# Your task
In the records below, find the line holding "Where is my mind"; copy it and every line after it to the end, omitting all images.
----
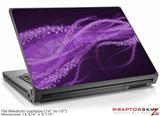Medium Laptop Skin Mystic Vortex Purple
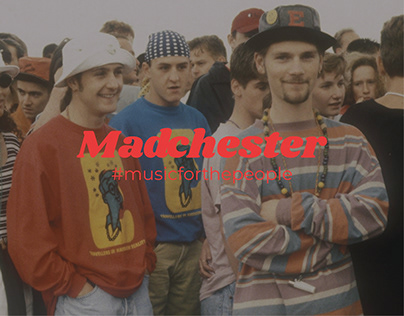 Google/HMCT - Madchester #musicforthepeople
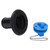 Water Hatch Cover Plastic Corrosion Resistant Boat Water Inlet with Chain Connection for Yachts RV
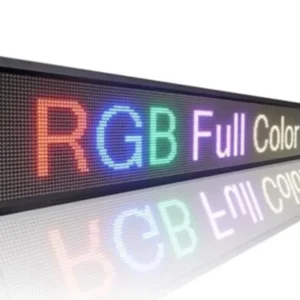 Profesionalna RGB LED Svetleća Reklama 170x40cm - Lux Shop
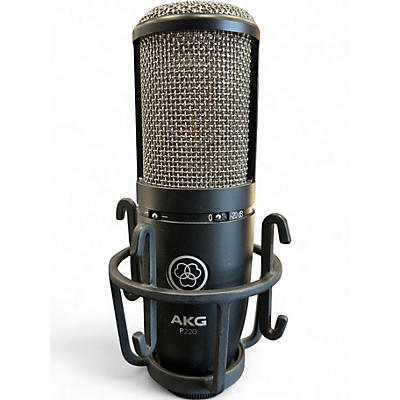 Used AKG P220 Project Studio Condenser Microphone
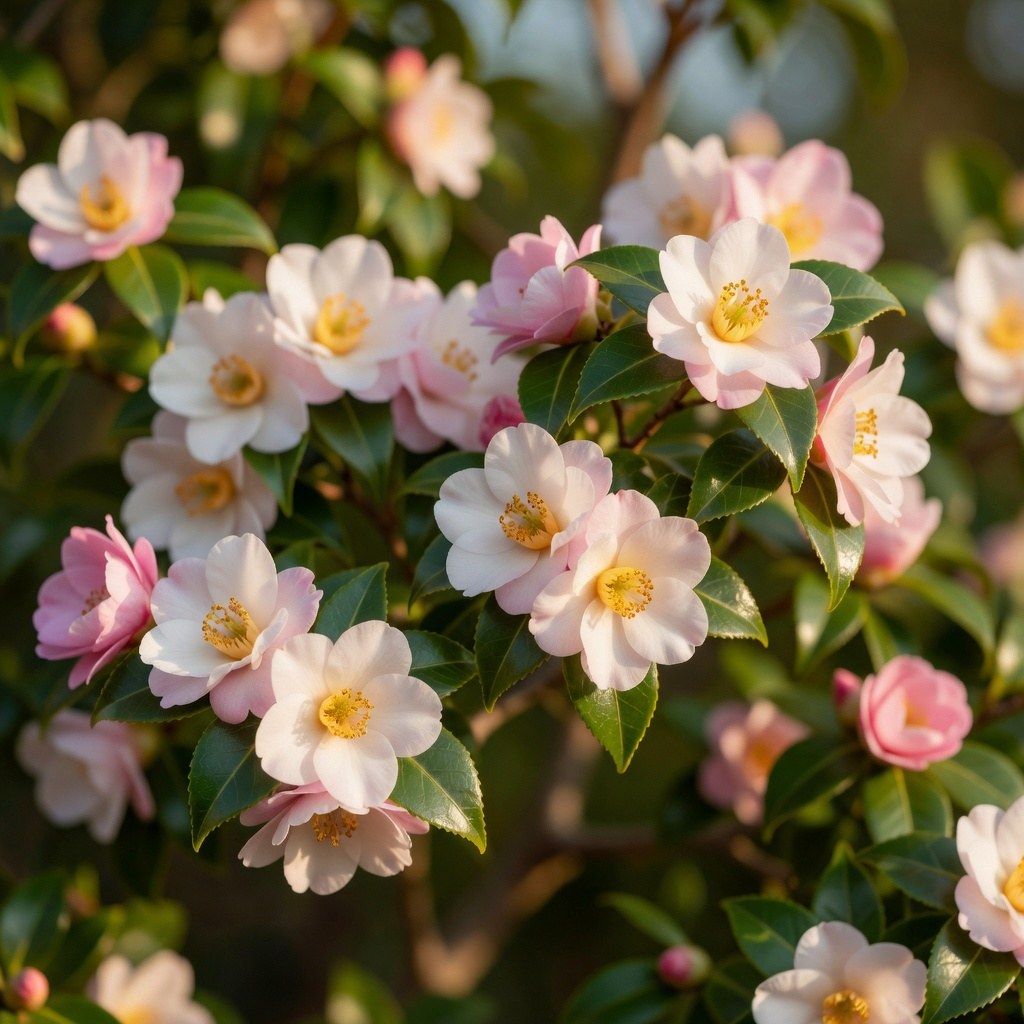Sasanqua Camellia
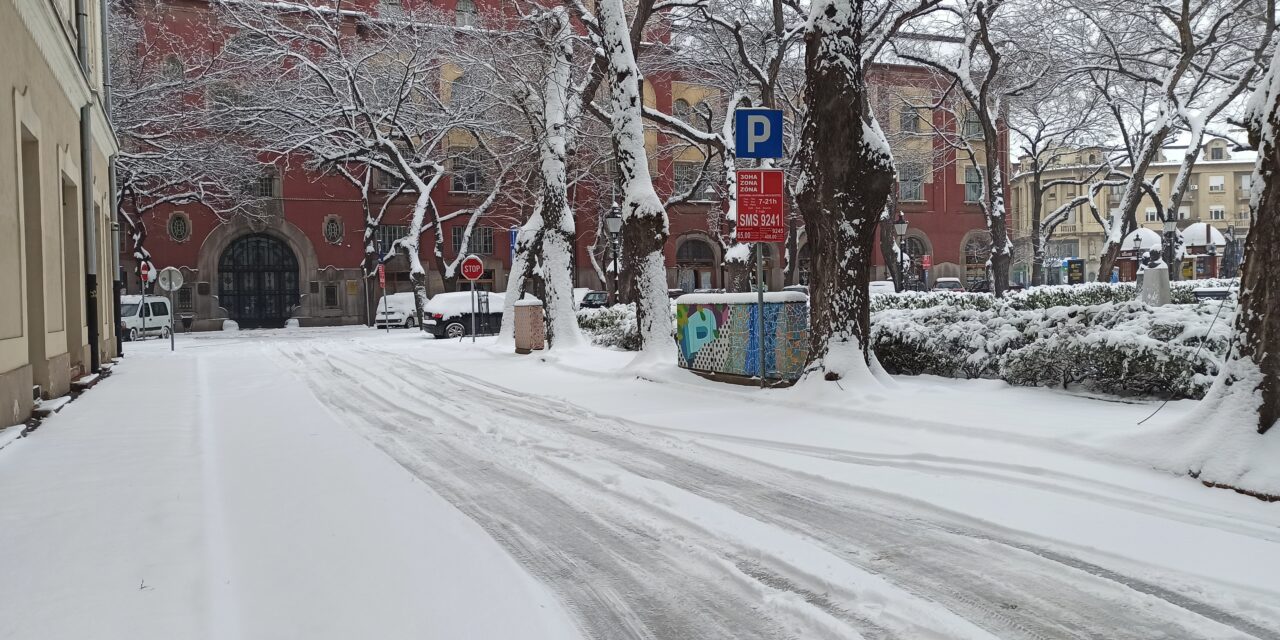 Havasak az utak az egész országban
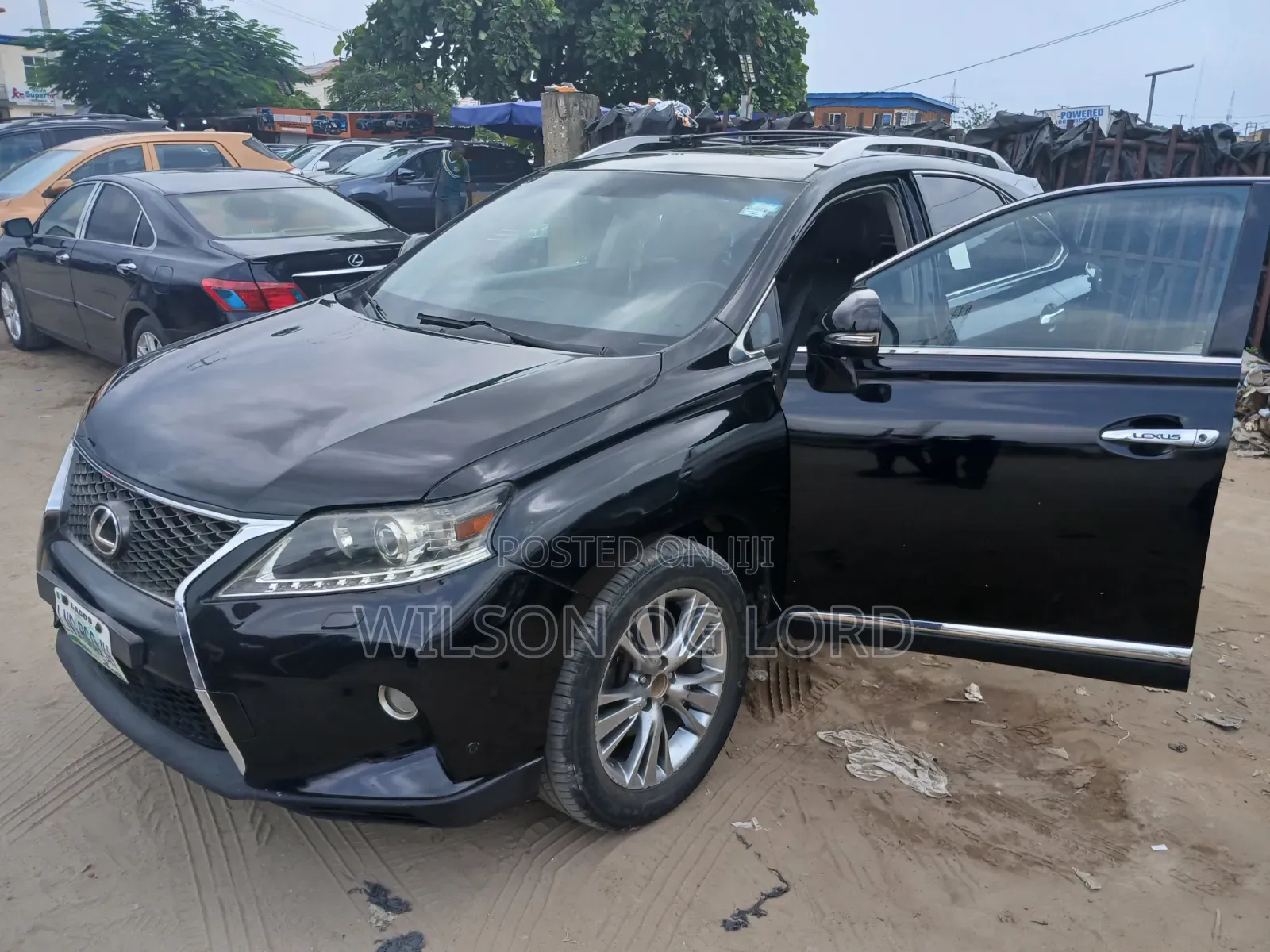 Lexus RX 2014 Black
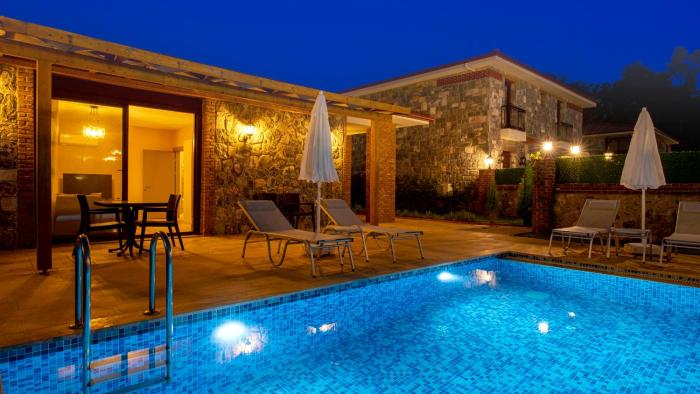 Ahu - 2 Bedroom Holiday Villa Kayaköy Ölüdeniz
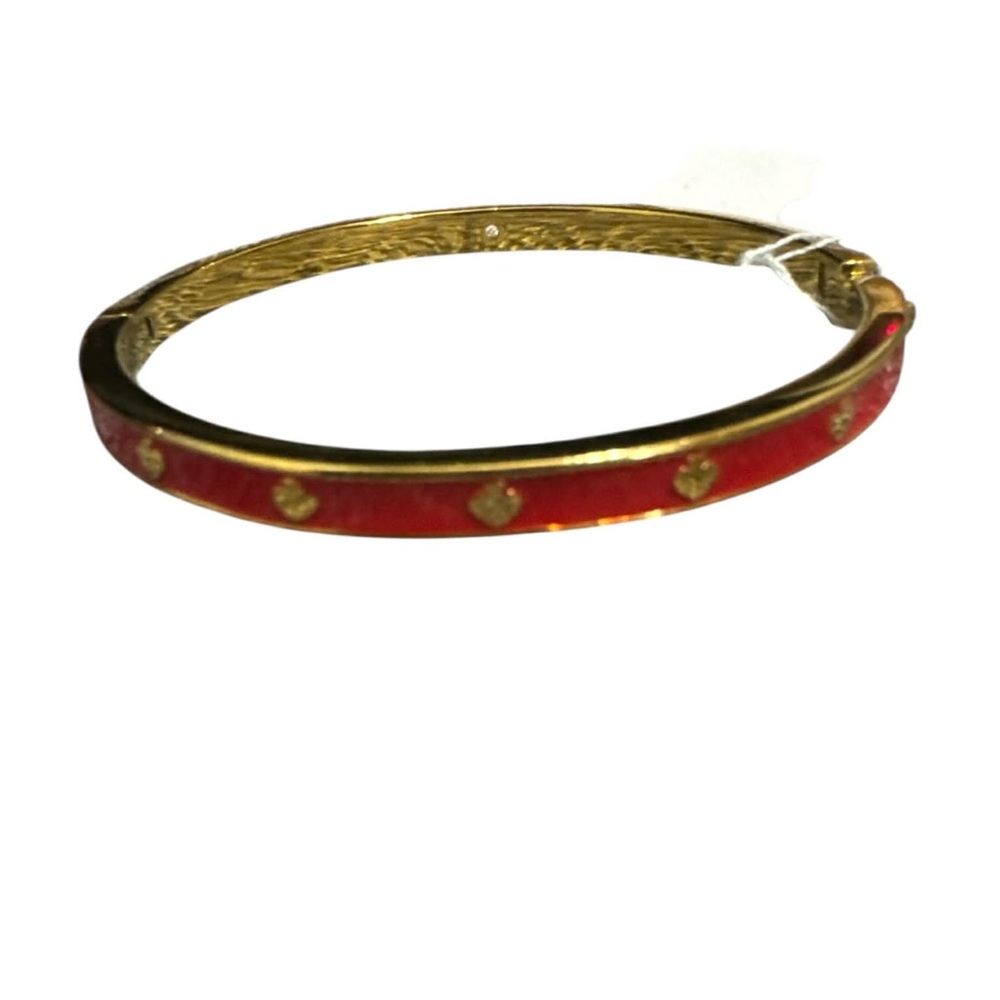 Kate Spade Red and Gold Bracelet
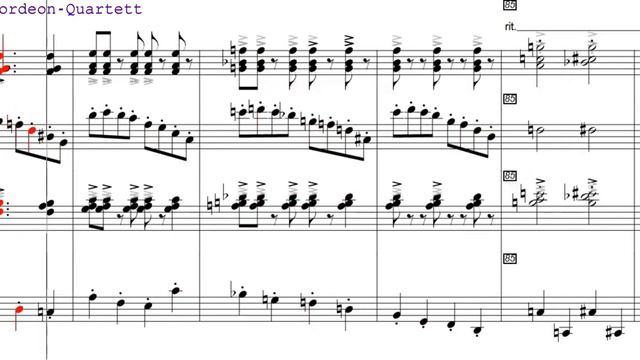 Impressionen - fuer Akkordeon Quartett + Schlagwerk смотреть онлайн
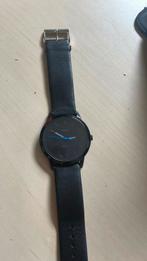 Fossil FS5308, Sieraden, Tassen en Uiterlijk, Horloges | Heren, Overige merken, Leer, Staal, Ophalen of Verzenden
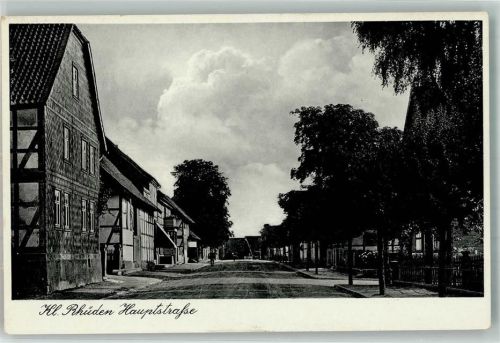 Rhüden Hauptstraße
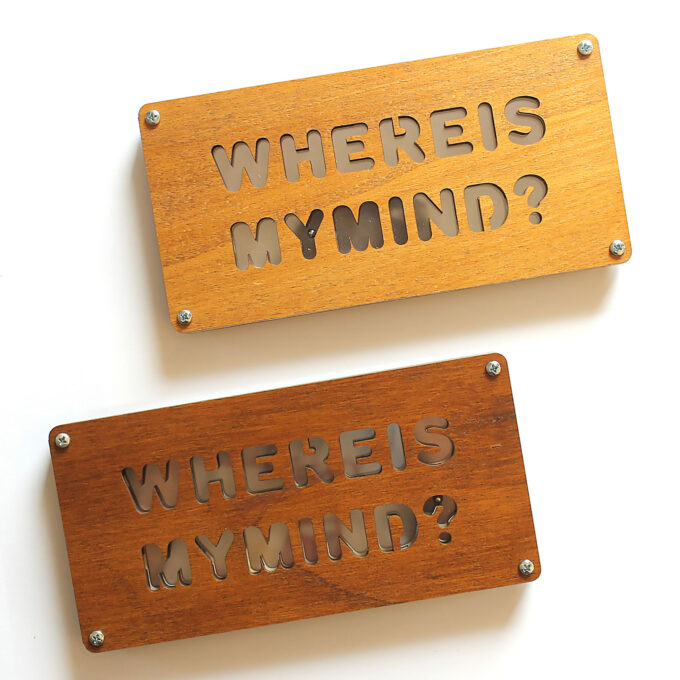 Where is my mind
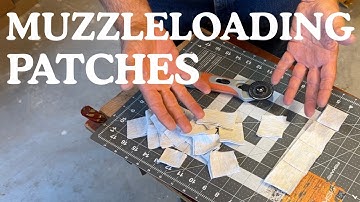 Muzzleloading Shooting/Cleaning Patches Made Easy.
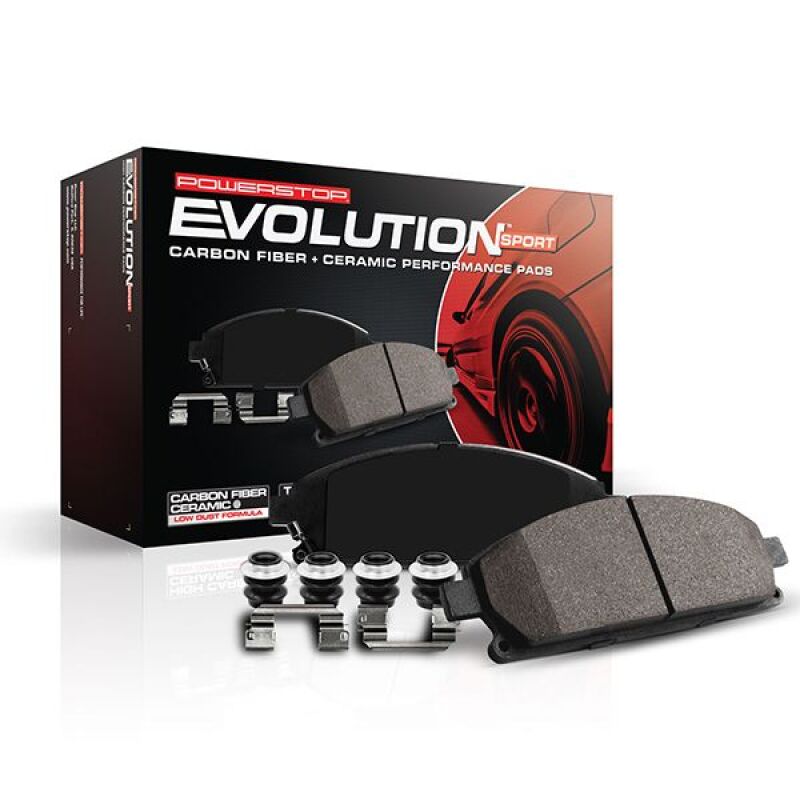 Power Stop 22-23 Hyundai Ioniq 5 Front Z23 Evo Sport Pad w/Hardware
----
# Answer to this problem
 Where is my mind
 Muzzleloading Shooting/Cleaning Patches Made Easy.
 Power Stop 22-23 Hyundai Ioniq 5 Front Z23 Evo Sport Pad w/Hardware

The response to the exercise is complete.